The visual appearance (colors, scanlines) is best verified manually by a human reviewer.


Limitations

  1. Scanlines Are Static: The current implementation uses a fixed scanline pattern. Animated scanlines (slow vertical scroll) are not implemented.

  2. No Color Customization in GUI: The NERV palette is hardcoded. To customize colors, edit src/theme_nerv.py directly (no GUI editor for NERV-specific colors).

  3. No Theme Mixing: The NERV theme is a single selectable theme. It cannot be mixed with other themes (e.g., "NERV colors but default rounding").

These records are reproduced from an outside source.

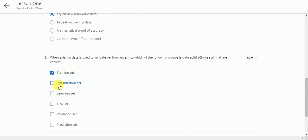Next. Optimization set. No. Learning set. No. Test set. Yes. Validation set. Yes. Prediction set. No.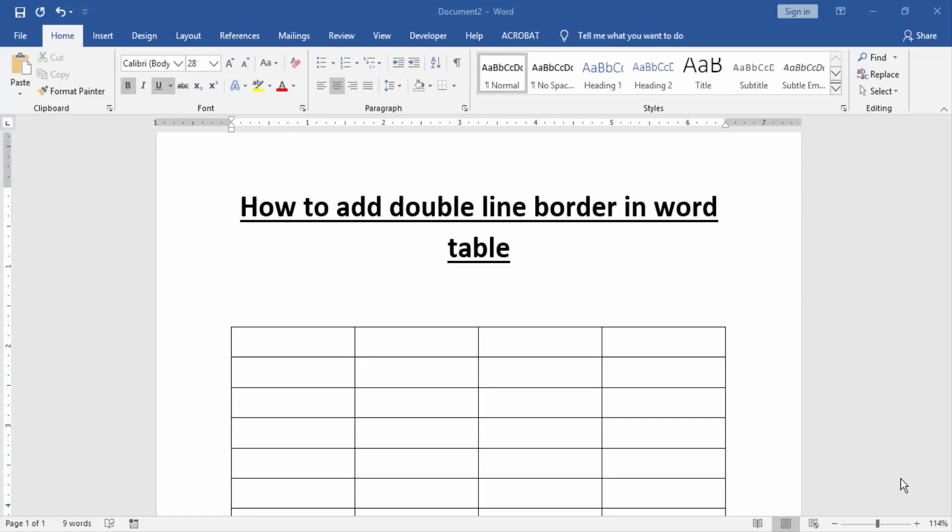Assalamu alaikum, hello friends, how are you? Welcome back to another video. In this video I am going to show you how to add double line border in Word table. Let's get started.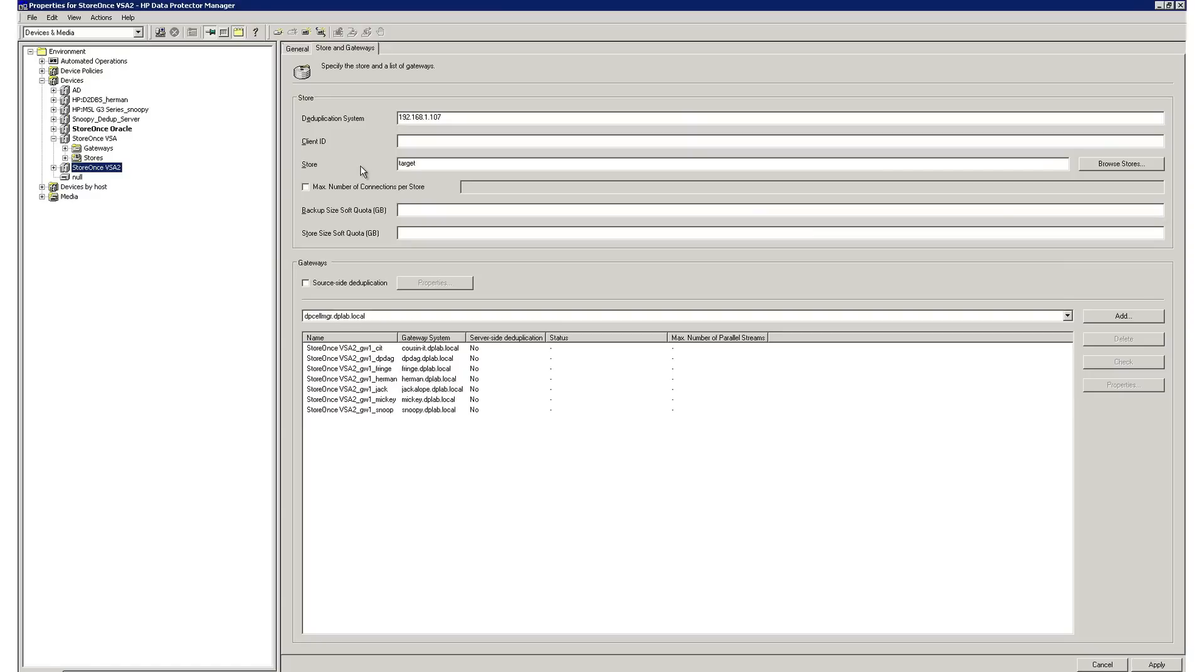When you combine HP Data Protector and StoreOnce appliances, you get a true end-to-end federated deduplication solution. This gives you the ability to deduplicate at your remote offices and replicating only changed blocks back to your data center.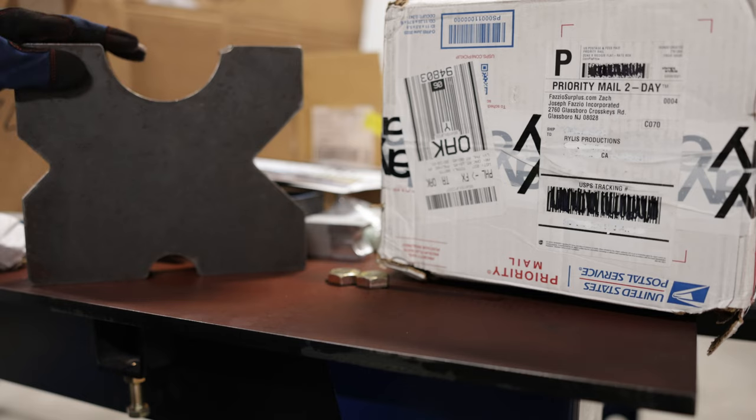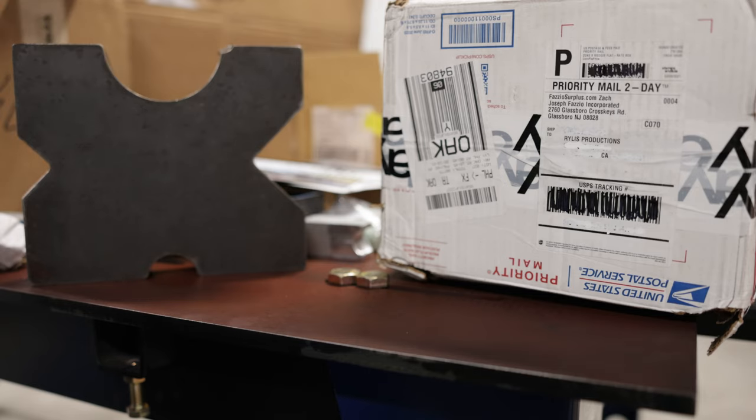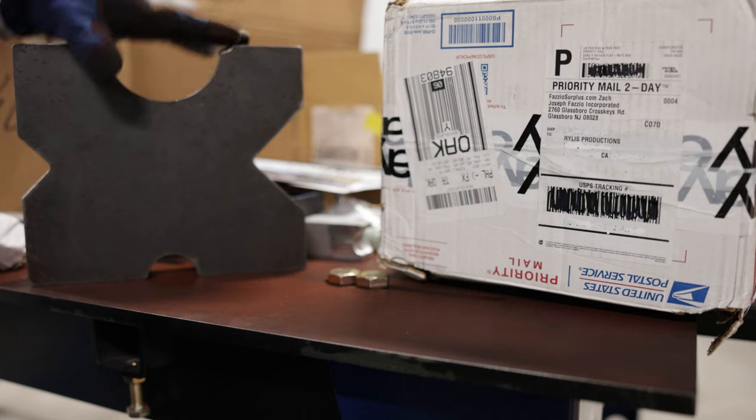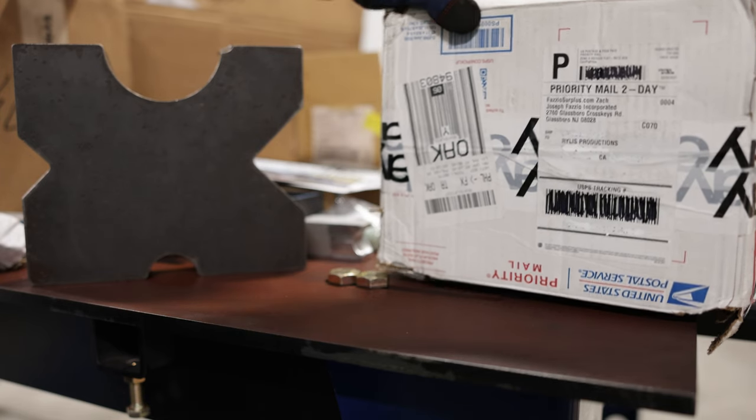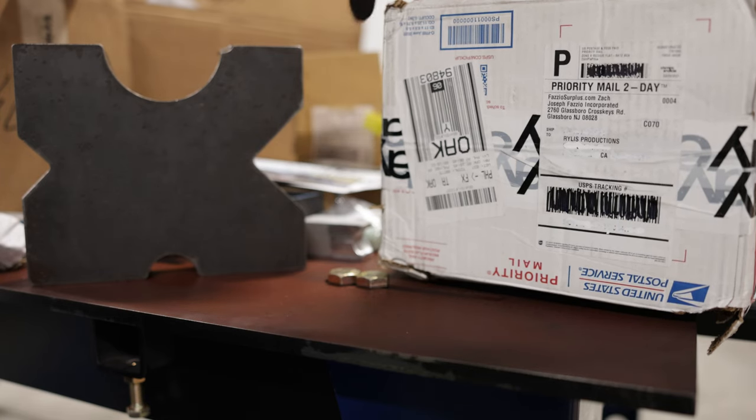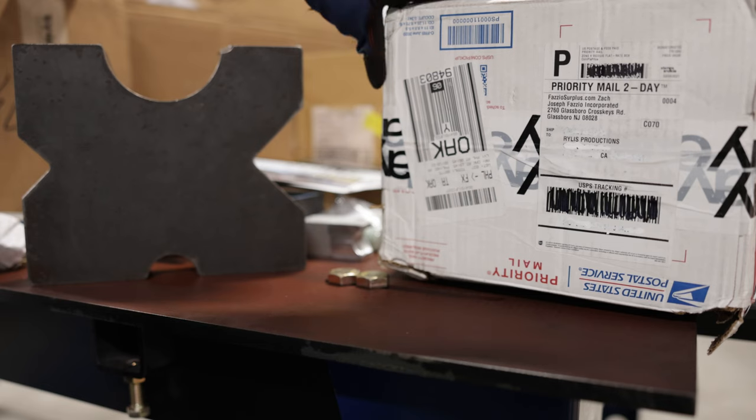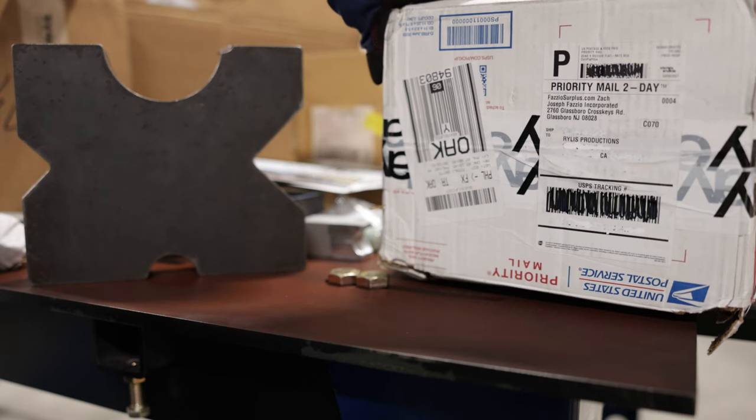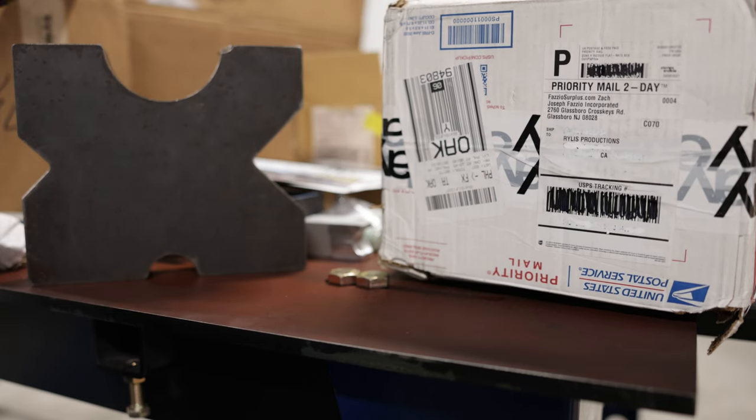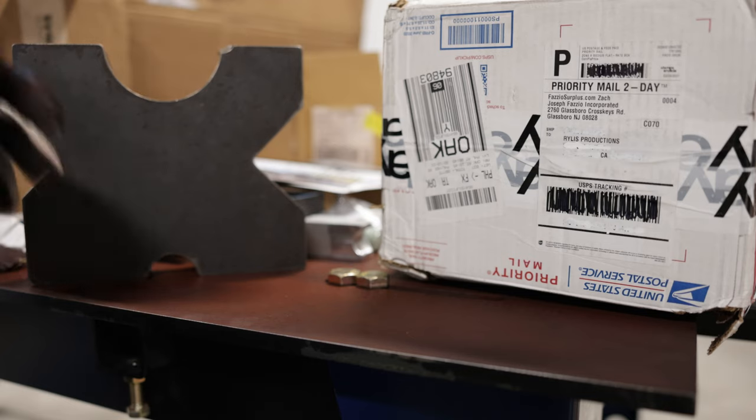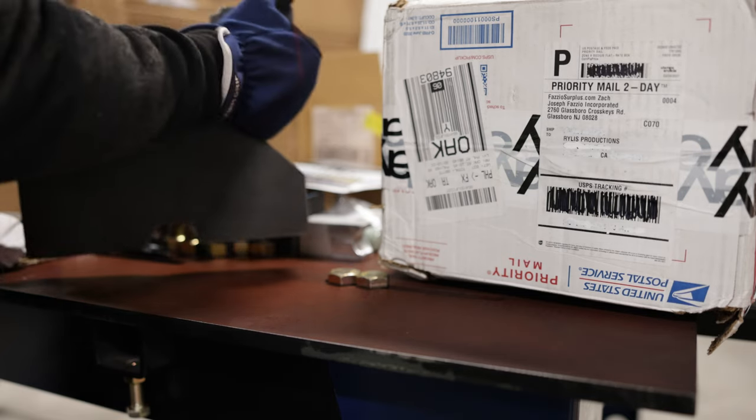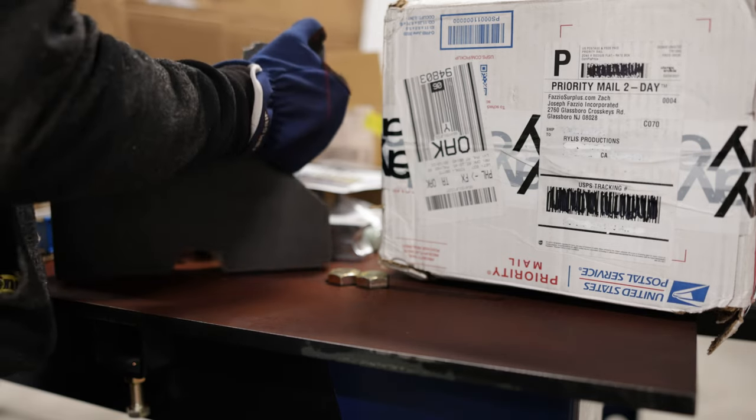This one is unboxed. They were both shipped in two different Priority Mail USPS boxes, and the box for this one exploded because they're so damn heavy—they're about 35 pounds each, so they're not lightweight by any means.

  4. Performance Cost on Low-End GPUs: The FBO scanline pass may be too expensive on integrated graphics or older GPUs. The fx_enabled flag is the workaround.

  5. Accessibility: The black void palette with high-contrast accents is not WCAG AA compliant for text contrast in all combinations. The active state color (NERV orange) on black meets AA, but secondary text (gray on black) is borderline. Users with low vision may need a different theme.


Future Work

  • CRT Curvature: A more advanced shader could apply screen-space curvature to mimic CRT monitors. Currently planned but not implemented.
  • Bloom Effect: For high-saturation accent colors, a subtle bloom could make the NERV orange "glow." Adds GPU cost.
  • Animated Scanlines: Slow vertical scroll of the scanline pattern for a more "active" CRT feel.
  • Custom Palette Editor: Allow the user to override individual NERV colors via the GUI.
  • Hybrid Themes: Allow partial NERV adoption (e.g., NERV colors but default rounding).

See guide_shaders_and_window.md for the underlying shader and window frame infrastructure.